1.1. Defining Concepts

(defconcept name [optional vector of parent concepts ...]
  :attributes { ... A datascript schema for the concept ... }
  :preprocess { ... A map from attributes to preprocessor functions ... }
  :postprocess A postprocessor function
  :spec A Clojure spec to validate concept instances)

Defines a new concept with name name in the current namespace. The concept is described by a sequence of key-value pairs. A concept description can contain the following pairs, all of which are optional:

:attributes: A map describing datascript attributes, i.e. a database schema for the concept.
:preprocess: A map from attributes to preprocessor functions for those attributes. Useful to mirror attribute values.
:postprocess: A function that takes a datascript database and the id of an instance of this concept. The function returns a datascript transaction that should be executed as part of the transaction that adds the given concept. Useful to compute derived attributes for concept instances.
:spec: A Clojure spec that should be used to check the validity of supposed instances of this concept.

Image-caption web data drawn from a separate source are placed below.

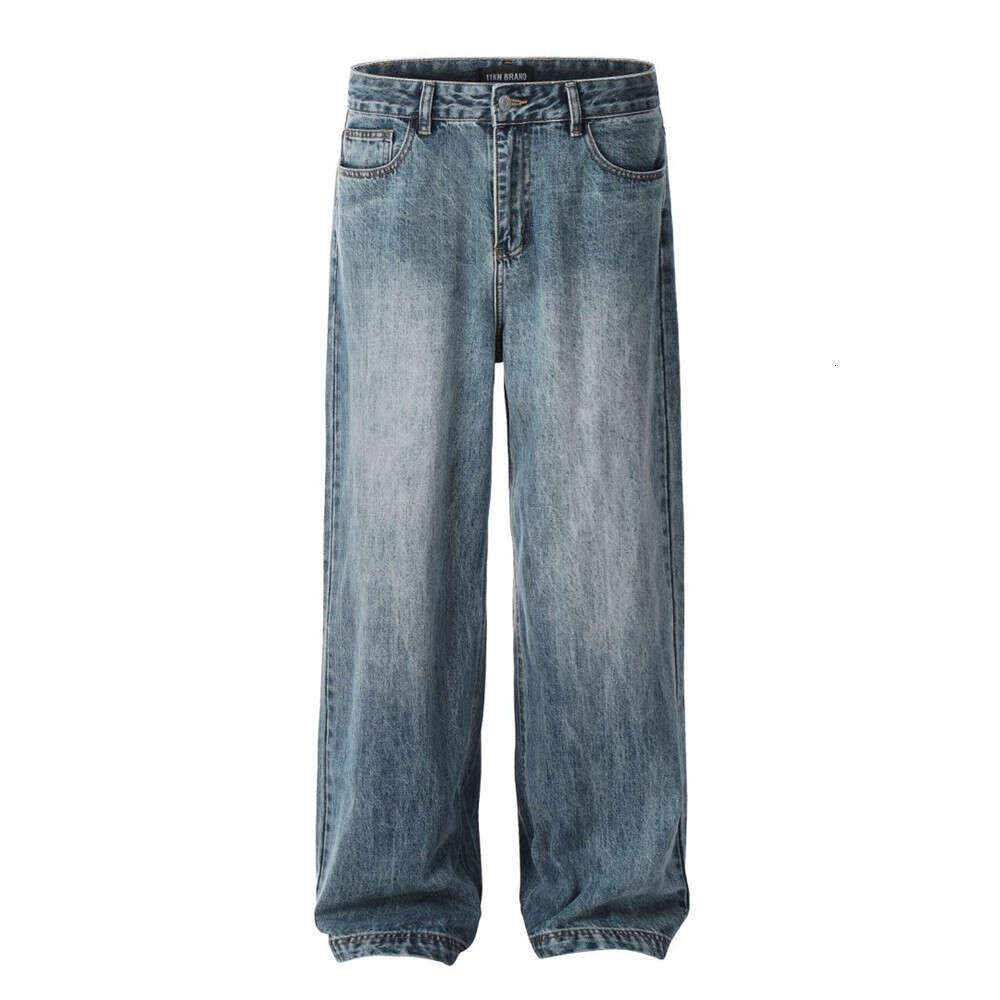 Distressed Washed Jeans Men's High Street Vibe Loose Casual Straight Long Oversize American Style Wide Leg Pants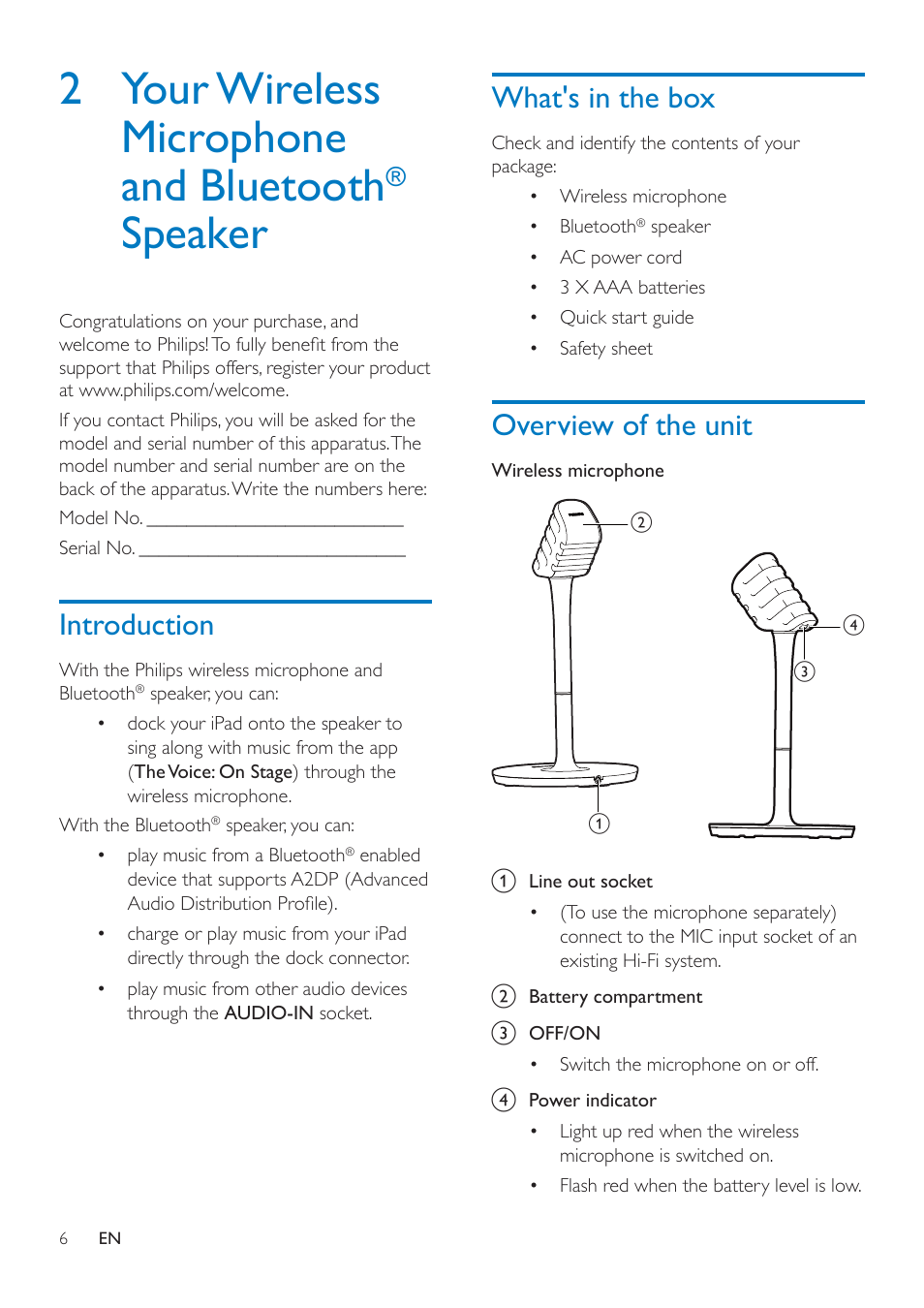 2 your wireless microphone and bluetooth® speaker, Introduction, What's in the box | Overview of the unit, 2 your wireless microphone and, Bluetooth, Speaker, Introduction 6, 2 your wireless microphone and bluetooth | Philips wireless microphone & Bluetooth® speaker AEA7000 for iPad User Manual | Page 8 / 18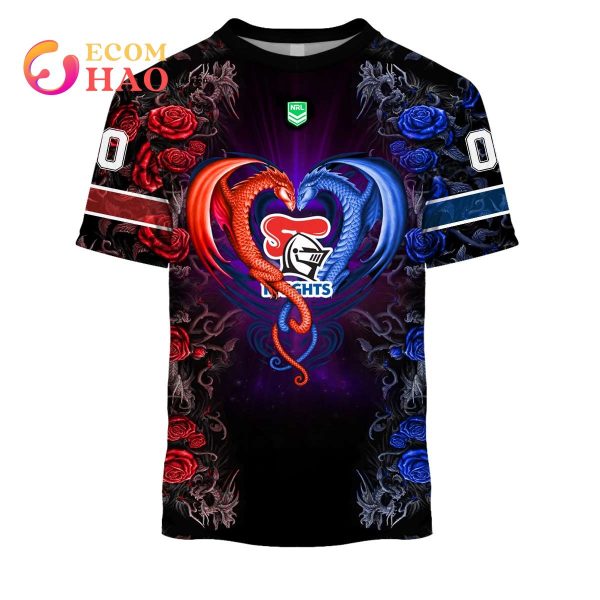 Personalized NRL Newcastle Knights Rose Dragon 3D Hoodie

In addition to the key-value pairs the concept description can be preceded by a vector of concepts that the newly defined concept should inherit from.

Example:

(require '[librarian.model.syntax :refer [defconcept]]
         '[clojure.spec.alpha :as s]
		 '[librarian.helpers.spec :as hs]
		 '[my.other.concepts :refer [parent-concept1 other-concept]])

(defconcept parent-concept2) ; Useless, but allowed.

(defconcept my-concept [parent-concept1 parent-concept2]
  :attributes {::x {:db/doc "A test attribute."}
               ::y {:db/valueType :db.type/ref
			        :db/doc "A reference to another concept."}}
  :postprocess (fn [db id] [:db/add id ::x 42]) ; All instances get x=42 auto-assigned.
  :spec ::my-concept)

(s/def ::my-concept (hs/entity-keys :req [::x ::y]))
(s/def ::x int?)
(s/def ::y (hs/instance? other-concept))

It is strongly recommended that all concept attributes are fully-qualified keywords (::attribute instead of :attribute) to prevent accidental collisions with other concepts. It is also recommended to create a separate namespace for each concept (not like the example where parent-concept2 and my-concept are defined in a single namespace).

1.2. Defining Paradigms

(defparadigm name [optional vector of parent paradigms ...]
  :concepts { ... A map of concept aliases to concepts ... }
  :builtins [ ... A collection of concept instance descriptions ... ])

Defines a new paradigm with name name in the current namespace. The name is followed by an optional vector of paradigms that should be included in the new paradigm. Then a sequence of key-value pairs follows:

:concepts: A map of unnamespaced concept alias keywords to concepts.
:builtins: A collection of builtin concept instances in the defined paradigm. The predefined instances should be created via librarian.model.syntax/instanciate. Builtins are intended to define things like the global Object class in Java.

Example:

(require '[librarian.model.syntax :refer [defparadigm instanciate]]
		 '[my.concepts :refer [my-concept]]
		 '[my.other.concepts :refer [other-concept]]
		 '[my.other.paradigms :refer [parent-paradigm]])

(defparadigm my-paradigm [parent-paradigm]
  :concepts {:my-concept my-concept
             :other-concept other-concept}
  :builtins [(instanciate my-concept
			   :y (instanciate other-concept
				    :foo "bar"))])

In this example a paradigm with two concepts is created. Instances of both concepts are defined as builtins. See the docstring of the instanciate function for details on how it works.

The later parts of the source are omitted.